Filtering 1-D regular data

D. Renard

June 20-th, 2014

Abstract

RGeostats is a library of geostatistical procedures available in the R environment. It is based on the geostatistical library Geoslib written in C language. The specificity of RGeostats is that it can deal with information defined in a space of any dimension, and can process any number of variables simultaneously.

This case study is designed in order to illustrate the use of geostatistics for filtering an information provided along a regular 1-D data set. This technique is known as factorial kriging analysis and is usually applied in the multivariate framework. However here it will be used on a single variable.

Data Set

Input File

The data set consists in the conductivity information collected regularly along a well log. A set of 850 samples is provided in the file called Data1D.dat. The file is composed of two columns of numbers:

• the first column contains the depth coordinate

• the second column contains the conductivity information

The first line of the file contains the variable names. When reading the depth column, one can easily check that the samples are regularly organized along a 1-D grid with a mesh of 0.02002m and an origin at 519.00074m.

Loading the information

The first task is to read this information and store it as a R format table called Exdemo_1D_well.table, using the following command:

library(RGeostats)
## Loading required package: Rcpp
## Loading RGeostats - Version:11.0.5
rg.load("Exdemo_1D_well.table","well.table",flag.overwrite=TRUE)

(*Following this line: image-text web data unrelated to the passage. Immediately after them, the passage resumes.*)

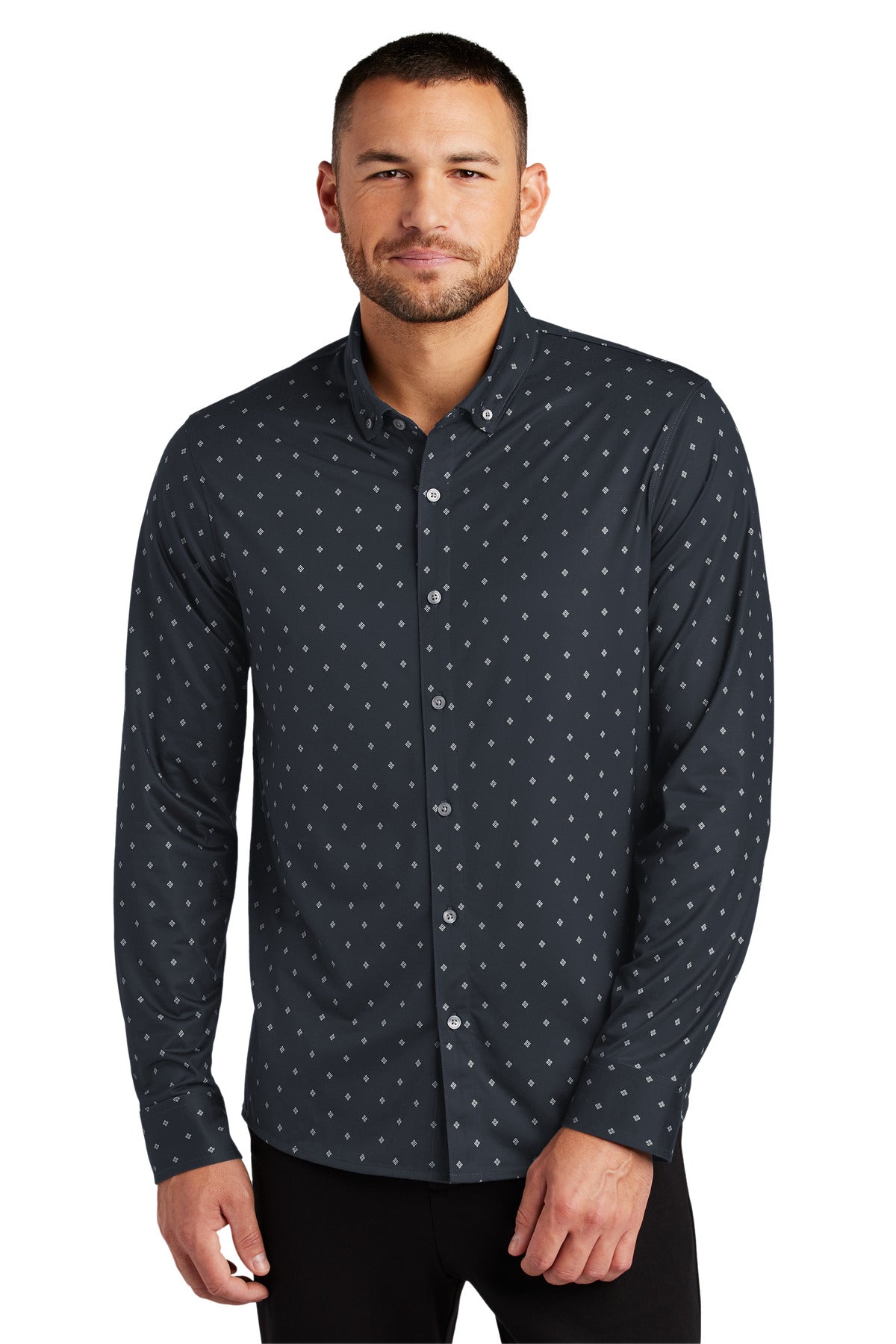 Mercer+Mettle MM1018 Stretch Jersey Long Sleeve Shirt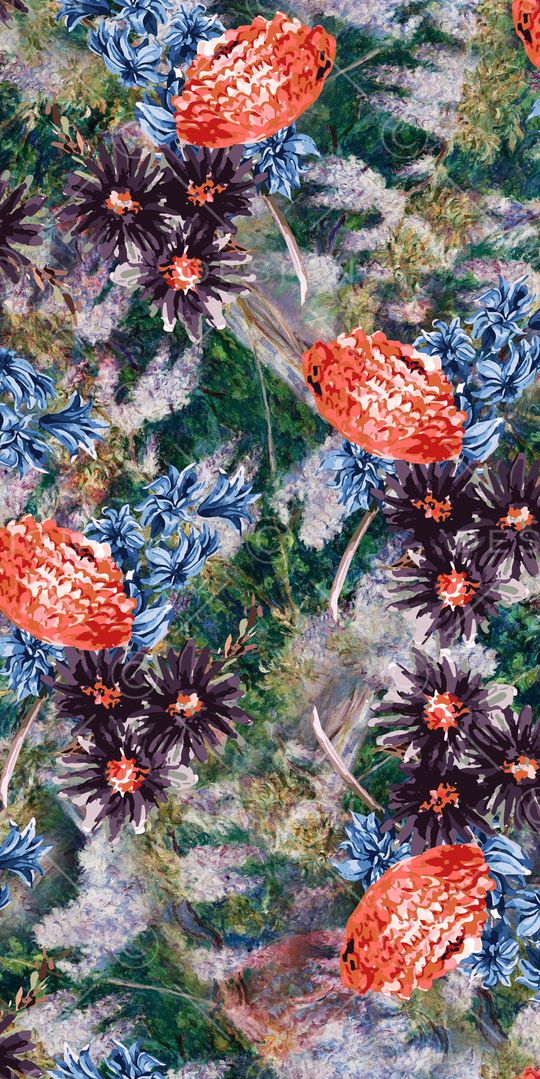 康乃馨印花华亿平台图片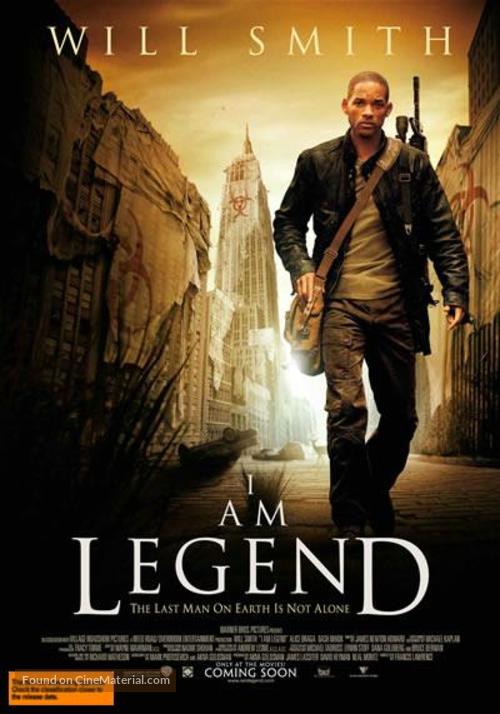 I Am Legend - Australian Movie Poster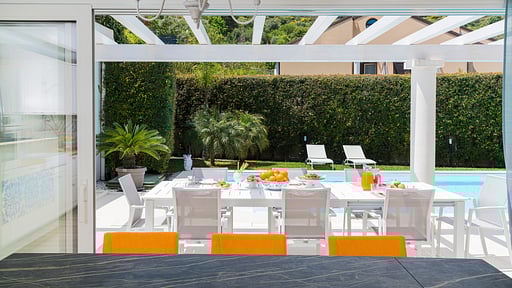 Villa Giutitta Dining area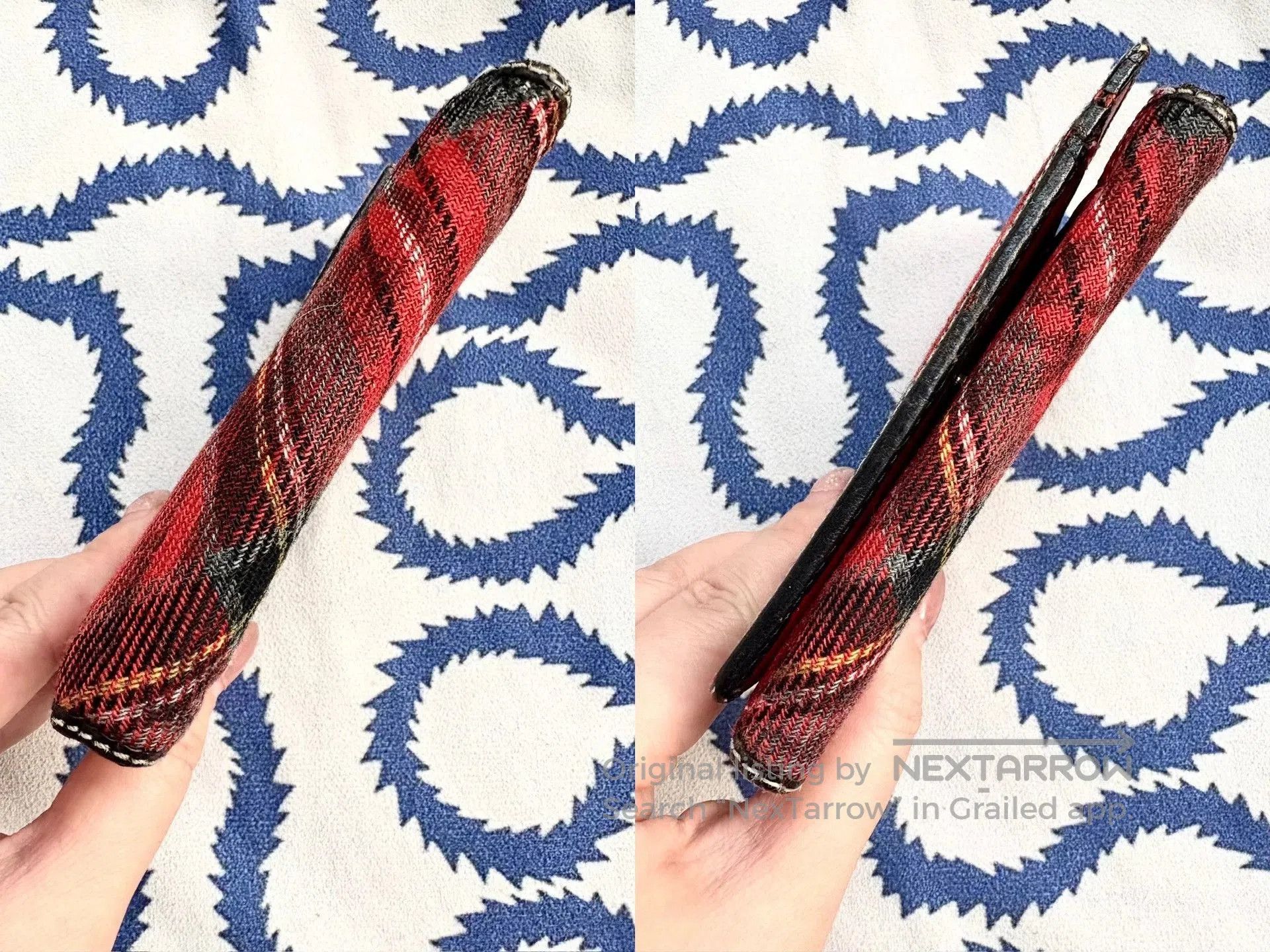 Vivienne Westwood Vivienne Westwood Vintage Red Plaid Graffiti Tri. Size ONE SIZE - 6 Thumbnail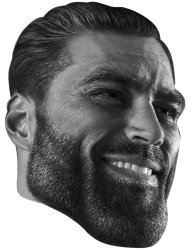 Giga Chad Meme Template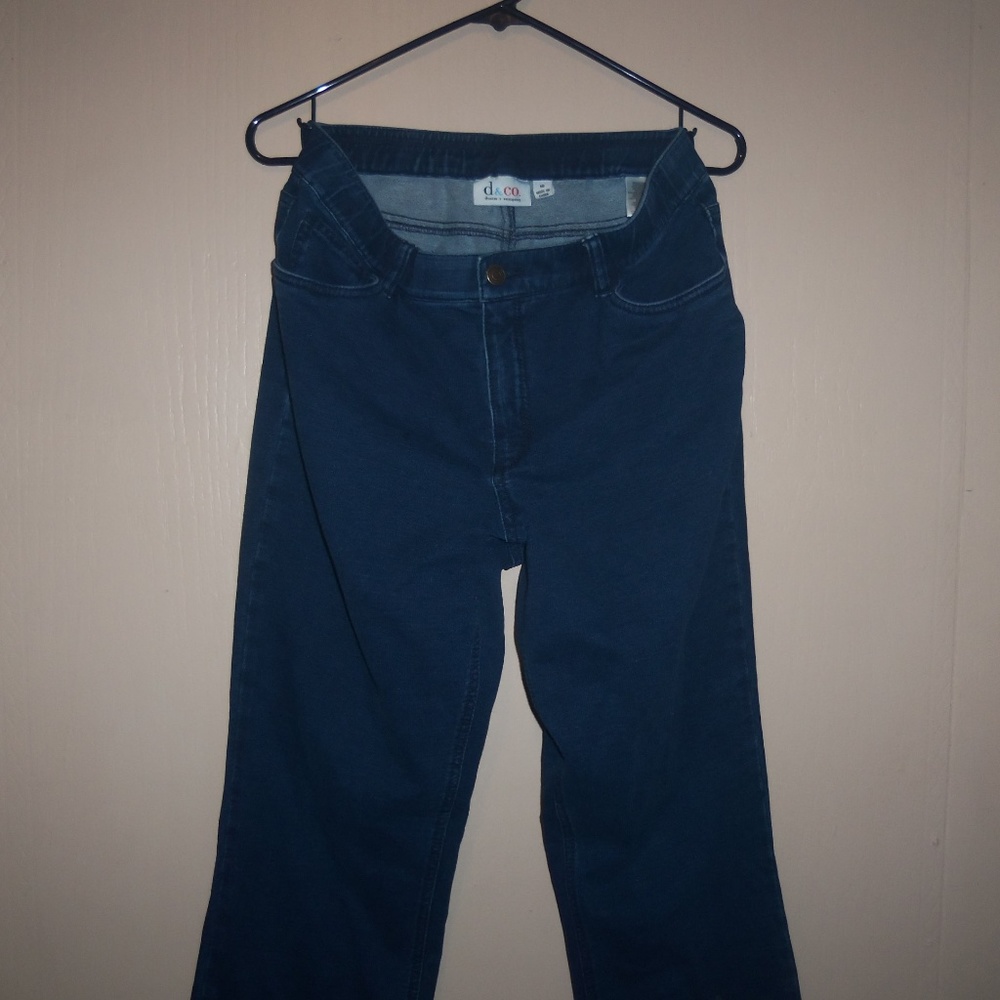 Denim & Co. Original Waist Stretch Reg 10 Pants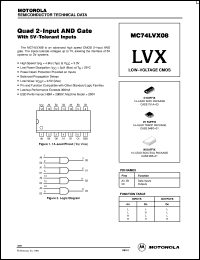 MC74LVX08D datasheet: Quad 2-Input AND Gate with 5V-Tolerant Inputs MC74LVX08D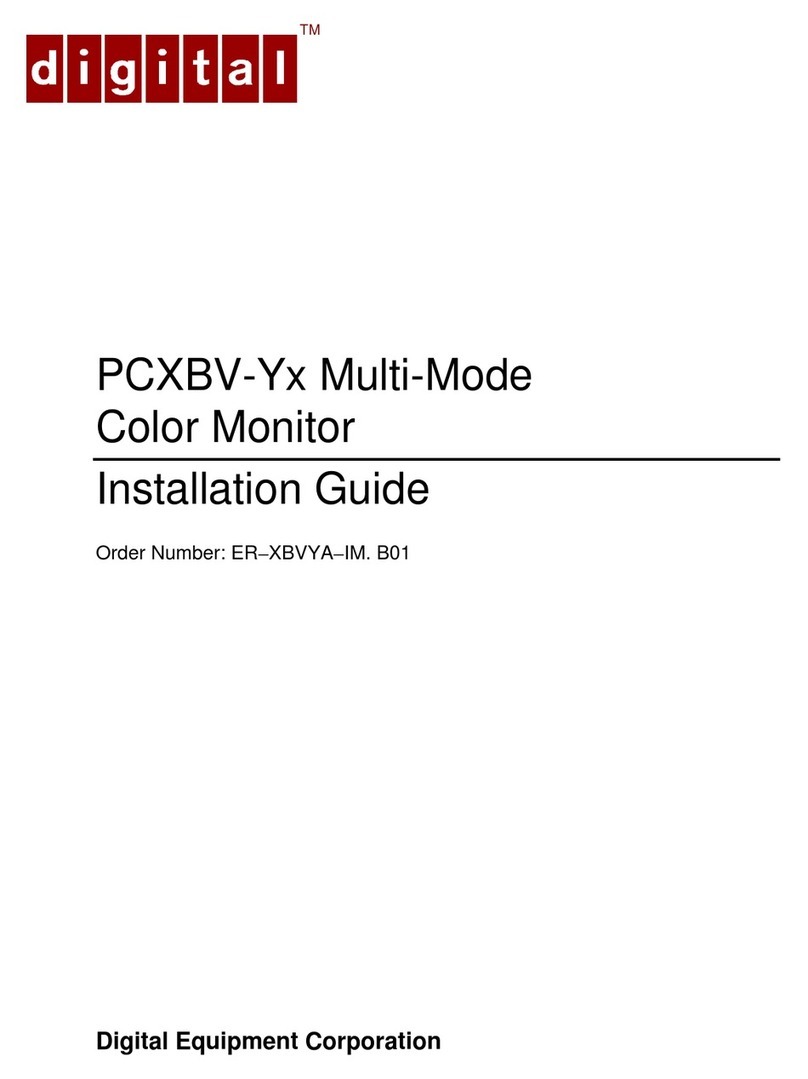 Digital Equipment PCXBV-Y Series User manual Digital Equipment PCXBV-Y Series User manual
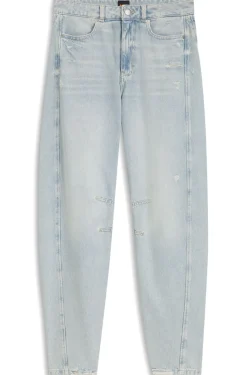 Jeans mit relaxtem Schnitt und Ballon-Bein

The next step is to load the information in a new DB structure called well.db.

well.db <- db.create(well.table,flag.grid=TRUE,x0=519.00074,dx=0.02002,nx=850,autoname=FALSE)

The new DB structure created can be checked either by typing the following command (or by simply typing the name of the DB). We obtain the following printout:

print(well.db)
## 
## Data Base Characteristics
## =========================
## 
## Data Base Summary
## -----------------
## File is organized as a regular grid
## Space dimension              = 1
## Number of fields             = 4
## Maximum Number of attributes = 4
## Total number of samples      = 850
## Grid characteristics:
## Origin :    519.001
## Mesh   :      0.020
## Number :        850
## Angles :      0.000
## 
## Variables
## ---------
## Field =   1 - Name    =  rank - Locator =  NA 
## Field =   2 - Name    =  x1 - Locator =  x1 
## Field =   3 - Name    =  Depth - Locator =  z1 
## Field =   4 - Name    =  Conductivity - Locator =  NA

The two first fields have been generated automatically, the two columns of the table are loaded in fields 3 and 4.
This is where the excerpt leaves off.